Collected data

◆ ◆ ◆

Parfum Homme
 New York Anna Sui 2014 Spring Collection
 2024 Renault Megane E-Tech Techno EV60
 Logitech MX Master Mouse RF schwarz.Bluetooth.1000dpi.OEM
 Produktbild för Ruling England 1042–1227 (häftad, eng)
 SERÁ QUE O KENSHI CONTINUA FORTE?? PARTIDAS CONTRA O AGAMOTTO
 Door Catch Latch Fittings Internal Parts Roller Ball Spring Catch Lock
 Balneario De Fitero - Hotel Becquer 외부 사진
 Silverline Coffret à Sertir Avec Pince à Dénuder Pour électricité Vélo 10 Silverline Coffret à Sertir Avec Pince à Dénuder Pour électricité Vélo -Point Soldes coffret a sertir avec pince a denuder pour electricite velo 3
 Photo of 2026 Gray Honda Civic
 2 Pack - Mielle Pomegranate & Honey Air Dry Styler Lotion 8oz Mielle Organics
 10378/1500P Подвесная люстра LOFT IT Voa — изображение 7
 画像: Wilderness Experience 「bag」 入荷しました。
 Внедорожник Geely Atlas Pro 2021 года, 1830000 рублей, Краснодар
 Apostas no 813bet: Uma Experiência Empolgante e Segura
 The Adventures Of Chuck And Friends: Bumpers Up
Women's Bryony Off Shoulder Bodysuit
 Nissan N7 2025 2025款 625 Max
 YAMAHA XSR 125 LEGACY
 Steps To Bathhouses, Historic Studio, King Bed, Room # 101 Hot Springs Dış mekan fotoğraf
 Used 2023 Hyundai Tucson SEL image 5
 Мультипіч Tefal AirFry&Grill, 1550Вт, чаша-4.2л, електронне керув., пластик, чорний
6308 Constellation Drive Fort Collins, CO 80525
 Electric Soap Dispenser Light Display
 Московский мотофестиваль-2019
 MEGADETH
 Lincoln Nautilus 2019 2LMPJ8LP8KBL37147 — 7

◆ ◆ ◆

• [WHAT NEEDS TO BE DONE]:
Your task is to retype the entries verbatim, starting with the line that holds "2024 Renault Megane E-Tech Techno EV60" and stopping after the line that holds "Used 2023 Hyundai Tucson SEL image 5".

• [OUTPUT OF THE EXERCISE]:
 2024 Renault Megane E-Tech Techno EV60
 Logitech MX Master Mouse RF schwarz.Bluetooth.1000dpi.OEM
 Produktbild för Ruling England 1042–1227 (häftad, eng)
 SERÁ QUE O KENSHI CONTINUA FORTE?? PARTIDAS CONTRA O AGAMOTTO
 Door Catch Latch Fittings Internal Parts Roller Ball Spring Catch Lock
 Balneario De Fitero - Hotel Becquer 외부 사진
 Silverline Coffret à Sertir Avec Pince à Dénuder Pour électricité Vélo 10 Silverline Coffret à Sertir Avec Pince à Dénuder Pour électricité Vélo -Point Soldes coffret a sertir avec pince a denuder pour electricite velo 3
 Photo of 2026 Gray Honda Civic
 2 Pack - Mielle Pomegranate & Honey Air Dry Styler Lotion 8oz Mielle Organics
 10378/1500P Подвесная люстра LOFT IT Voa — изображение 7
 画像: Wilderness Experience 「bag」 入荷しました。
 Внедорожник Geely Atlas Pro 2021 года, 1830000 рублей, Краснодар
 Apostas no 813bet: Uma Experiência Empolgante e Segura
 The Adventures Of Chuck And Friends: Bumpers Up
Women's Bryony Off Shoulder Bodysuit
 Nissan N7 2025 2025款 625 Max
 YAMAHA XSR 125 LEGACY
 Steps To Bathhouses, Historic Studio, King Bed, Room # 101 Hot Springs Dış mekan fotoğraf
 Used 2023 Hyundai Tucson SEL image 5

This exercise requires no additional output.